Analyzing Students' Emerging Roles Based on Quantity and Heterogeneity of Individual Contributions in Small Group Online Collaborative Learning Using Bipartite Network Analysis
Shihui Feng, David Gibson, Dragan Gasevic
TL;DR
The paper tackles the difficulty of separating individual contributions from group outcomes in small-group CSCL by introducing a two-dimensional, bipartite network approach that quantifies both the quantity and heterogeneity of student–subtask engagement. By constructing student–subtask networks across two projects (TP1 and TP2) and computing adjusted degree centralities and an entropy-based heterogeneity measure, the authors identify three emerging roles: comprehensive contributors, versatile participants, and free riders, and demonstrate that scripted leadership enhances both quantity and heterogeneity of contributions. Qualitative interviews validate the quantitative findings and provide insight into learning gains and perceptions. The study contributes a scalable analytic method, a conceptual framework for emerging roles, and implications for instructional design and feedback in CSCL settings.
Abstract
Understanding students' emerging roles in computer-supported collaborative learning (CSCL) is critical for promoting regulated learning processes and supporting learning at both individual and group levels. However, it has been challenging to disentangle individual performance from group-based deliverables. This study introduces new learning analytic methods based on student -- subtask bipartite networks to gauge two conceptual dimensions -- quantity and heterogeneity of individual contribution to subtasks -- for understanding students' emerging roles in online collaborative learning in small groups. We analyzed these two dimensions and explored the changes of individual emerging roles within seven groups of high school students ($N = 21$) in two consecutive collaborative learning projects.

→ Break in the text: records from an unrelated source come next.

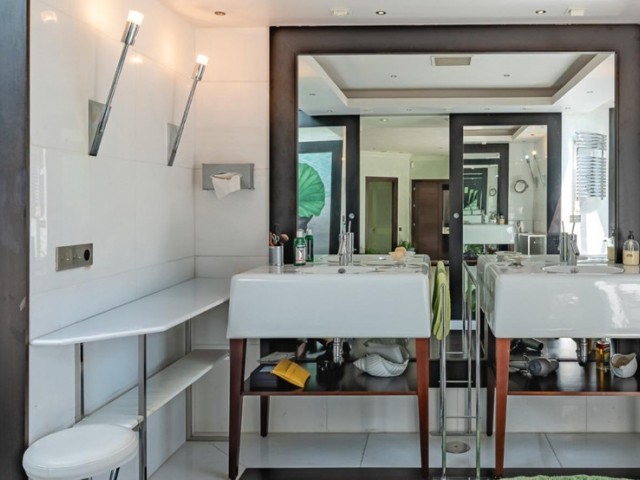 Villa avec 10 Chambres  à Estepona
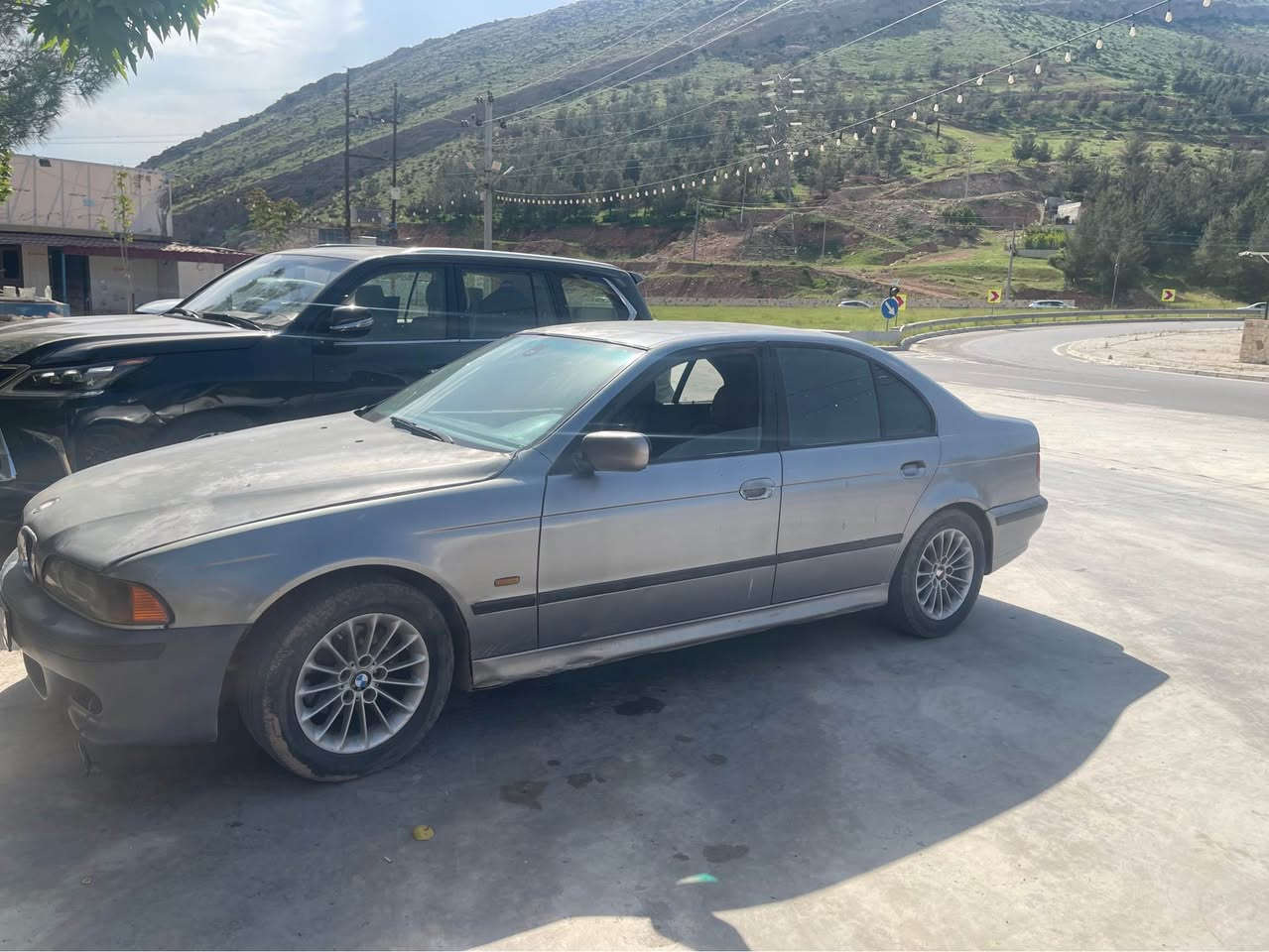 BMW saqar مۆدێل ١٩٩٨ مەنەفێست ئیبراهیم خەلیل گێر عادی مەکینە ٥٢٣ گێر و مەکینەو تەقەو رەقە بە شەرت سەیارەکە ٢ ٣ پارچەی بۆیاغە بە عام بۆیاغ دەفرۆشم لەبەر کاڵ بونەوە پشت و پێشی کەپسە بە شەرت  

*********** أربيل, العراق
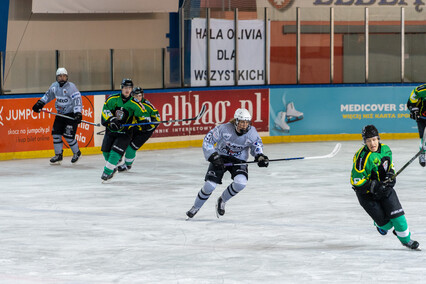 Elbląski debiut gdańskich hokeistów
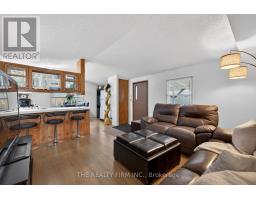 81 - 198 SPRINGBANK DRIVE - 11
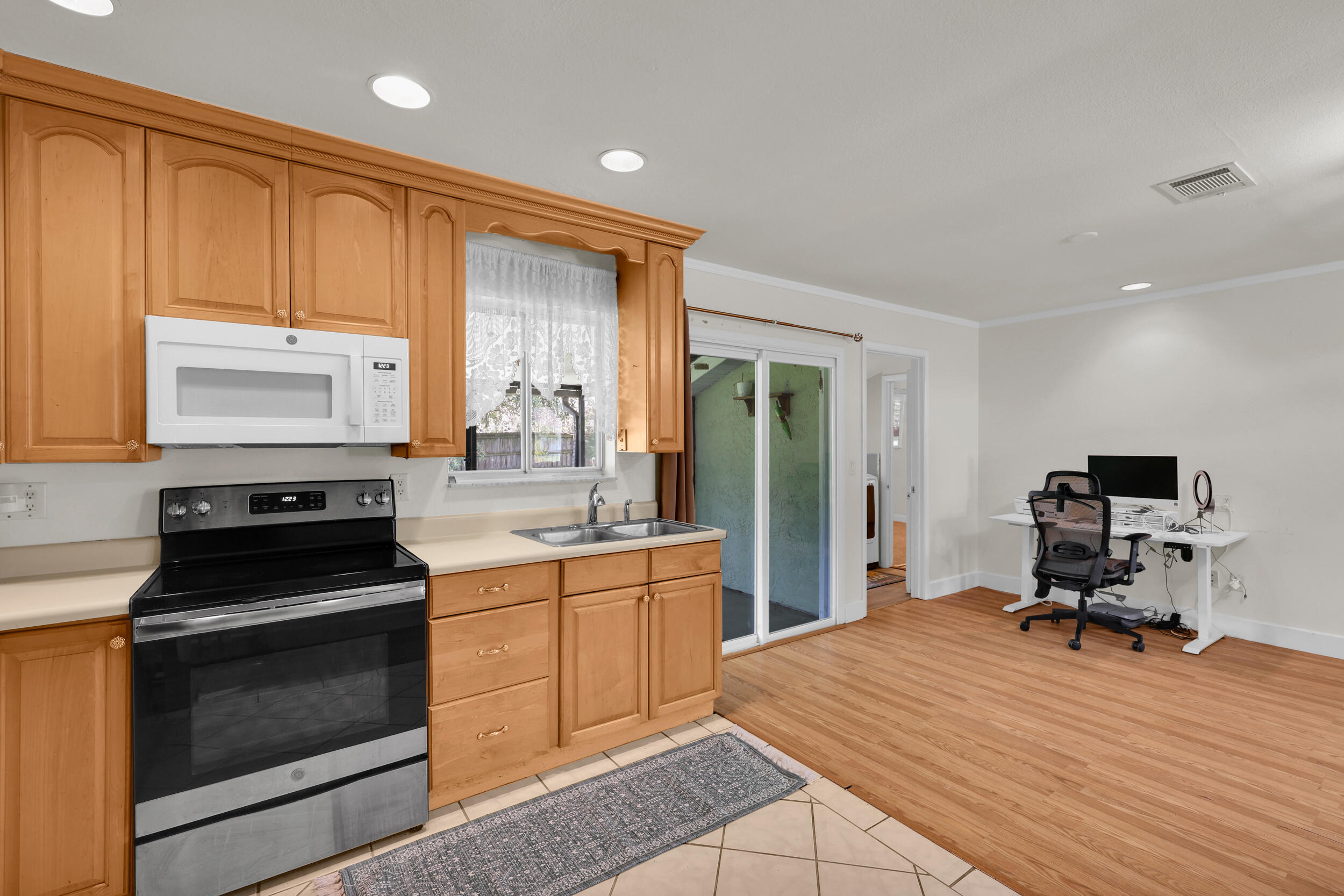 741 23rd Place Sw Property Photo 8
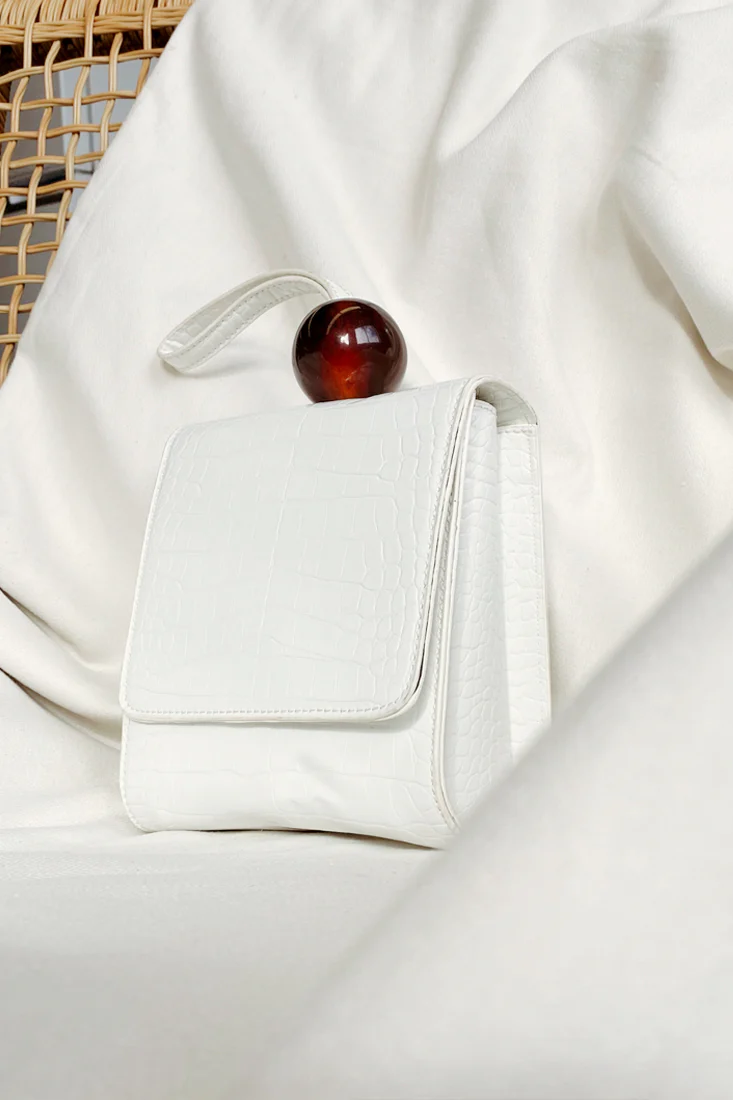 Audrey Wrist Strap Bead Purse White - Ruaus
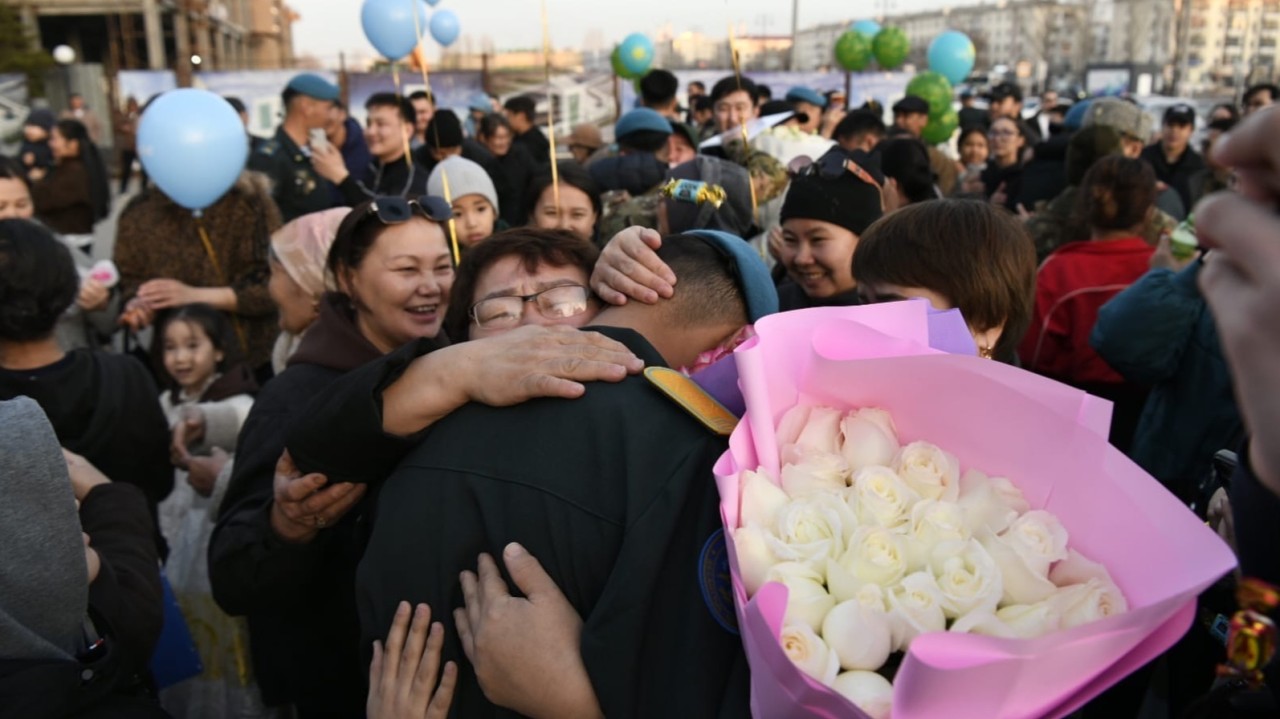 Елордалықтар әскери борышын өтеген сарбаздарды қарсы алды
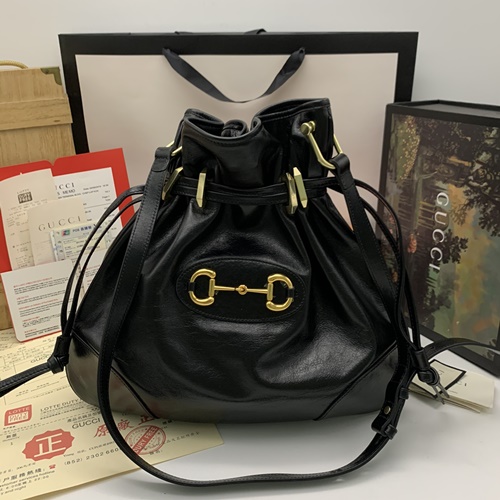 구찌 홀스빗 버킷백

We found a significant association in the changes between assigned leadership roles and changes in the identified emerging roles between the two projects, echoing the importance of externally facilitated regulation scaffolding in CSCL. We also collected qualitative data through a semi-structured interview to further validate the quantitative analysis results, which revealed that student perceptions of their emerging roles were consistent with the quantitative analysis results. This study contributes new learning analytic methods for collaboration analytics as well as a two-dimensional theoretical framework for understanding students' emerging roles in small group CSCL.